Ok, you use disk drives as an example. Well, all the disk drives I/O I know
got changed into differential signals when the speed get higher
(FCAL,Diff.SCSI, serial ATA). Should I then use it as a counter example to
claim differential signaling is needed to pass EMI using surface traces then
?

>Do I deliberately route all members of diff pairs on different layers?  No.
>Only when it is necessary to escape a connector or part.  What I stated was
>that I have had to route members of the same pair on differnet layers many
>times without adverse effects.  

Like I said before, we all cheat in our design, but calling it good practice
is another story. 
It's one thing to cheat and escape a differential pair out of the pin field
with different layers. It's another thing to extend it to say it is ok to
have no coupling between differential pairs and you can routing them anyway
you want in differential layers all the way.

>It is true that if you route one of them
>over a Vdd plane and the other over a ground plane, the noise on Vdd will
>couple onto one line and not the other, resulting in differential noise
>coupling.   That has to be guarded against.

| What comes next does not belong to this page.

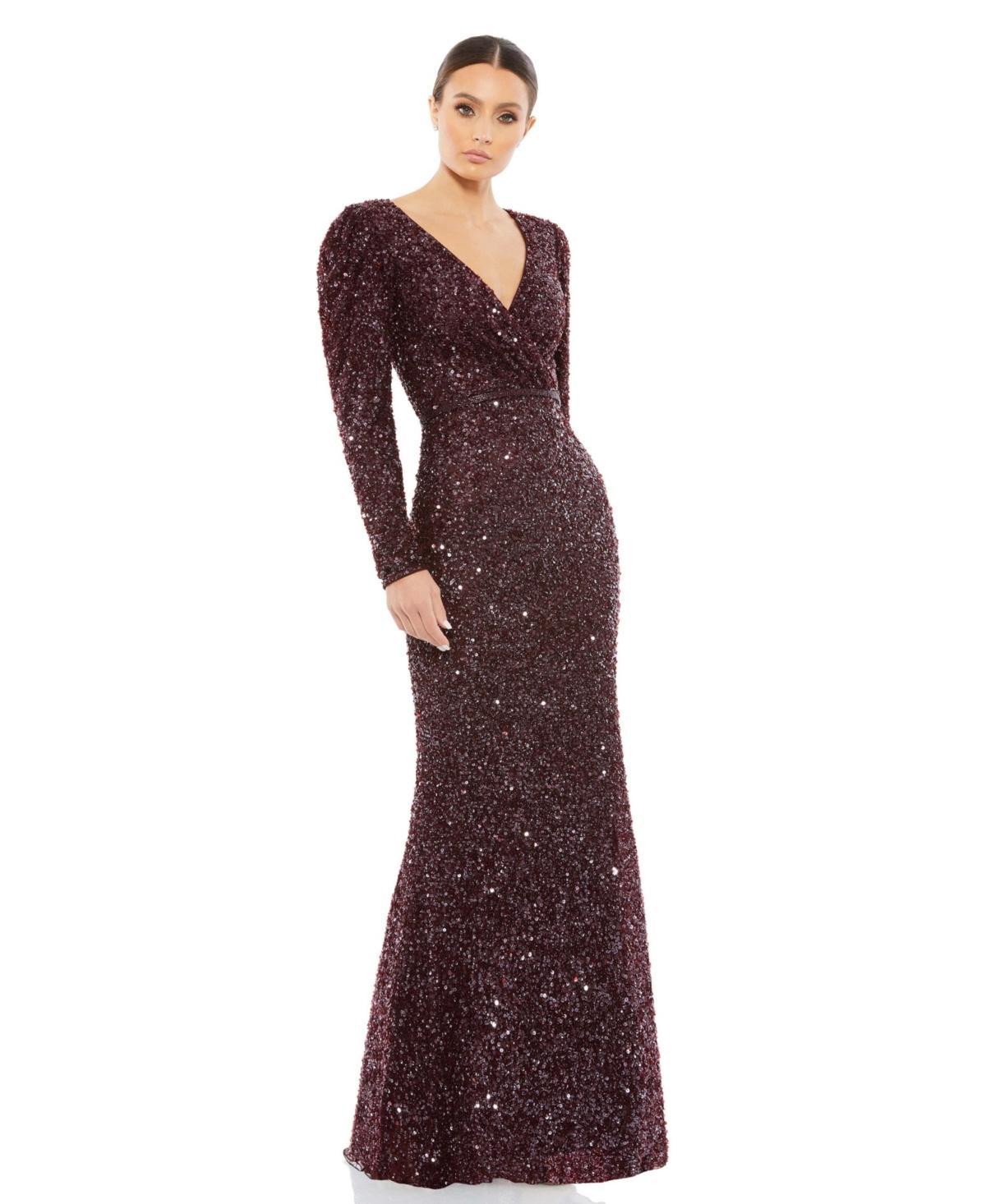 Mac Duggal Long Sleeve Sequin Trumpet Gown Product Image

Now we are talking sense here.

>As to my challenge that traces on outer layers casue EMI, I have seen two
>papers cited, one of which does not claim this, the other of which I have
>yet to receive a copy.

Call me cynical but I can't dig up a single paper Microsoft presented in any
conference or Journal explaining how it generate bugs in "Windose". Can I
then say "Windose" has no bugs ? You are asking for examples of bad design
and of course no company will do their dirty laundry with a public
conference paper or Journal. I have seem plenty of examples of microstrip
signals failing signal integrity and EMI without the proper reference plane
(not my design but desperate plea for help from other groups). They are
either fixed by correcting the reference plane, crazy decoupling caps, thin
core planes or sometimes brute force with metallic enclosure and EMI
gaskets. Do you really expect those engineers to publish a paper explaining
what a bad idea it is to improperly referencing single ended signals with
the wrong reference plane on the surface ? Most of them, if not fired by
their boss by then, will probably keep their head low and move on to another
design and vowing not to reference highspeed microstrip signals to the wrong
plane again.

>This is a good dialogue, if for no other reason than that proponents of
>particular design rules are being challenged to show their validity.

I think plenty of people have given real life hard earn experiences here,
most of us don't make a living on writing papers, we got paid to ship a
working product out the door and move on to the next one. Do I need a paper
to explain to me I have to slow down in the highway when I see a CHP ? No, I
have enough bad experiences to tell me I should.